• Exercise brief
Because the entries hold pictures, reproduce only their words, exactly as written.

• Short text fragments from websites
+++++
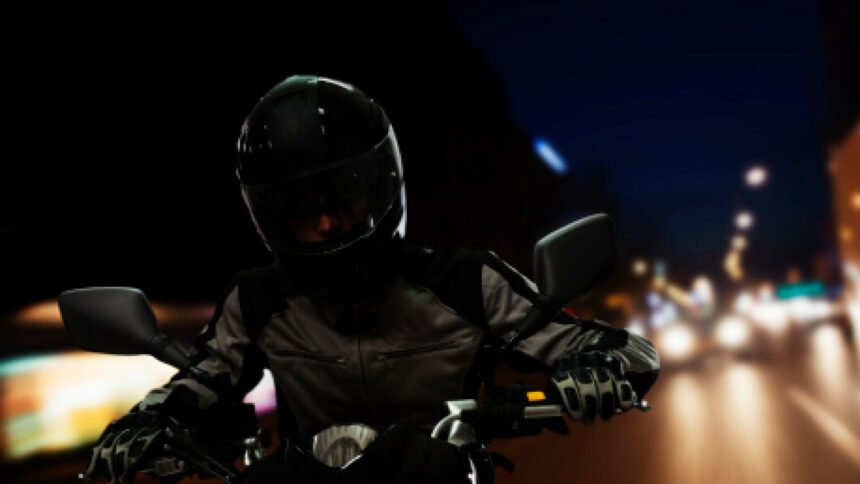 U teškoj prometnoj nesreći poginuo motociklist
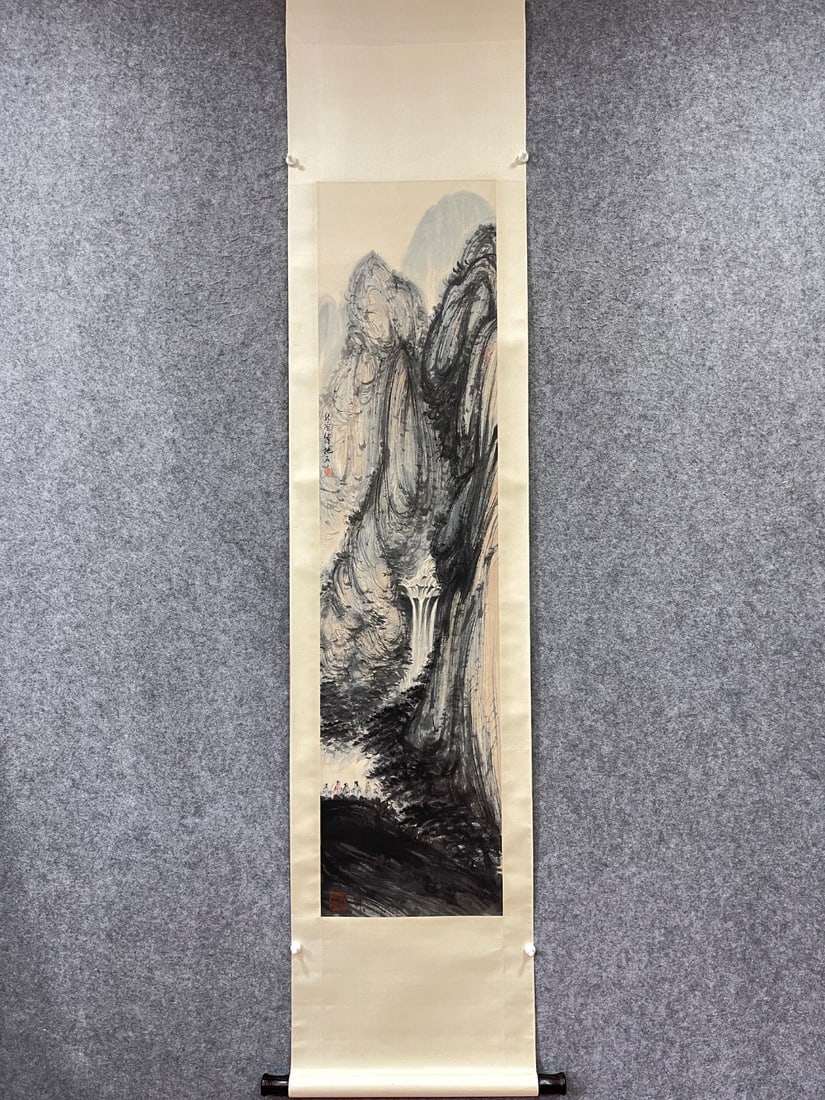 Fu Baoshi Marked Hanging Scroll on Paper: 138*34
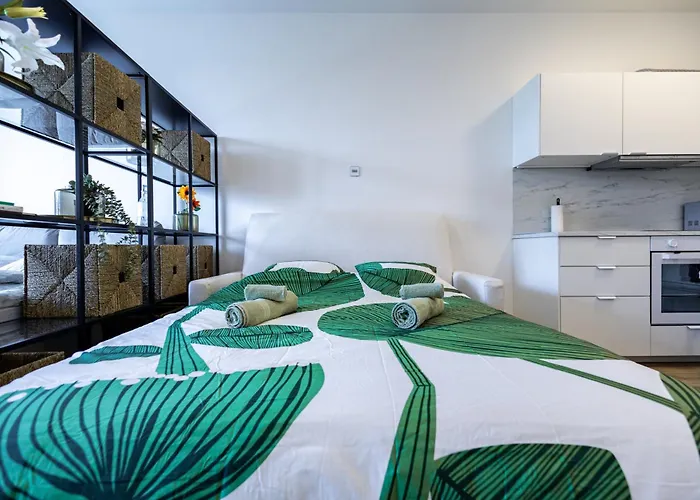 Bright & Spacious - Garage & Balcony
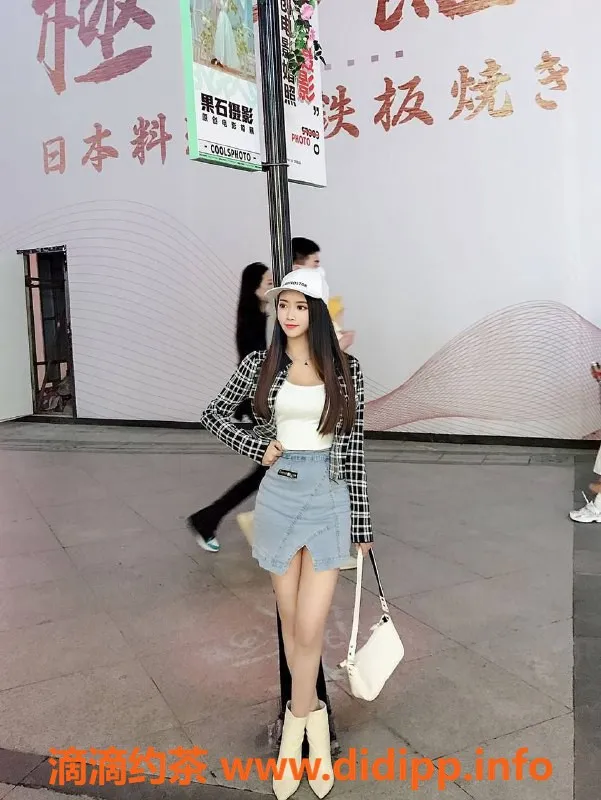 上海楼凤-苏沫，普陀嫩妹，163、43KG，1000元45分钟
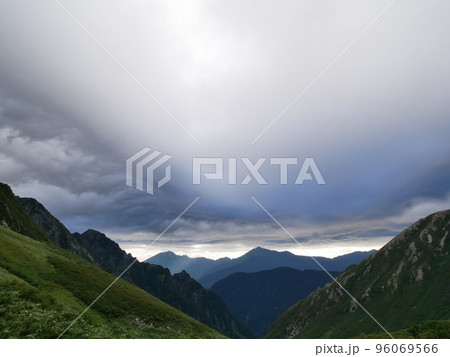 後ろ立山連峰に流れ込む雲 96069566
+++++
• Completed exercise
 U teškoj prometnoj nesreći poginuo motociklist
 Fu Baoshi Marked Hanging Scroll on Paper: 138*34
 Bright & Spacious - Garage & Balcony
 上海楼凤-苏沫，普陀嫩妹，163、43KG，1000元45分钟
 後ろ立山連峰に流れ込む雲 96069566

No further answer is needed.